Vincent d’Indy is a minor French composer of the late Romantic period who is something of a one-hit wonder for his tone poem “Istar,” based on the Babylonian myth. D’Indy takes the classical form of theme-and-variations and turns it upside down, presenting the variations first—seven of them—before finally revealing the theme on which the variations are based, now exposed in all its orchestral nakedness.
Why seven themes? This is why the piece is named for Istar, who, in order to save her lover, descends through the underworld. As she passes through seven gates she discards an item of clothing at each, until, in the depths of the abyss, she reaches her destination completely nude.
Although the myth is thousands of years old, some scholars believe its symbolism isn’t quite right.

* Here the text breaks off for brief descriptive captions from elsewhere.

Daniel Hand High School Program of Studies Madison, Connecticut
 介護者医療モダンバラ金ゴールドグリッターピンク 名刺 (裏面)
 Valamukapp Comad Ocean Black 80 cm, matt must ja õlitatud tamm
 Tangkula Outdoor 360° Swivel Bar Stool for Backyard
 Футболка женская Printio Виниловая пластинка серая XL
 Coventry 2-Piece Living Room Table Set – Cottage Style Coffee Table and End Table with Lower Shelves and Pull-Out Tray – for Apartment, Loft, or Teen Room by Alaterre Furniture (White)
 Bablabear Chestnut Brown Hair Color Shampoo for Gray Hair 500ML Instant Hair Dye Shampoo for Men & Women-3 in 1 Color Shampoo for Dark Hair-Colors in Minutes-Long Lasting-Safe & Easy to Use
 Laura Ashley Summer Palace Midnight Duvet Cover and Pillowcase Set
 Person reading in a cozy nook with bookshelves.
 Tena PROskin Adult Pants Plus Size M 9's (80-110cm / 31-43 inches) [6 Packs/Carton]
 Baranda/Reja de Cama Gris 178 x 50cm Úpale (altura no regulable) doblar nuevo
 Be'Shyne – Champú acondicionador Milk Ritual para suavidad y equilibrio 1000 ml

Shedding earthly garments should be associated with ascension towards heaven, the realm of Being and metaphysical principles, rather than descent into a netherworld of chaotic forces and undifferentiated potentialities.
Ascending upwards through seven gates, for example, suggests transcendence of one’s astrological birth chart, indicating that one has faced the seven astral bodies visible to the ancients—Sun, Moon, Mercury, Venus, Mars, Jupiter and Saturn—and now stands before the Supreme Principle, The One, The All, or whatever one chooses to call it. Such a state of being is certainly a highly evolved one, and one term we can apply to it is Absolute Nakedness. It is a symbolic state associated with transcendence, rebirth and purity, since one has been stripped of all earthly garments and conditionings and has both submitted to and been elevated by a higher supra-human principle.
Acclaimed Danish filmmaker Lars von Trier’s fascinating movie, Melancholia, concerns the final days before a rogue planet collides with Earth. At one point the heroine, played by Kirsten Dunst, leaves her mansion chamber in the middle of the night and walks into a neighboring forest. Spirit seekers can probably sense what’s coming next, and sure enough the subsequent shot shows her lying naked in a bed of grass gazing up at the sight of the doom-planet slowly approaching, while Wagner’s “Love-Death” music from Tristan And Isolde plays on the soundtrack. A similar scene occurs in the 1982 cult classic, Cat People, when Natassja Kinski wanders into the night and disrobes, clearly without knowing why. Suddenly her vision changes, and she begins stalking prey as her feline powers emerge.
Absolute Nakedness can thus be said to characterize the awakening to something greater than oneself, a ritualized expression of virgin rebirth, of consciousness becoming aware of the soul and its divine nature.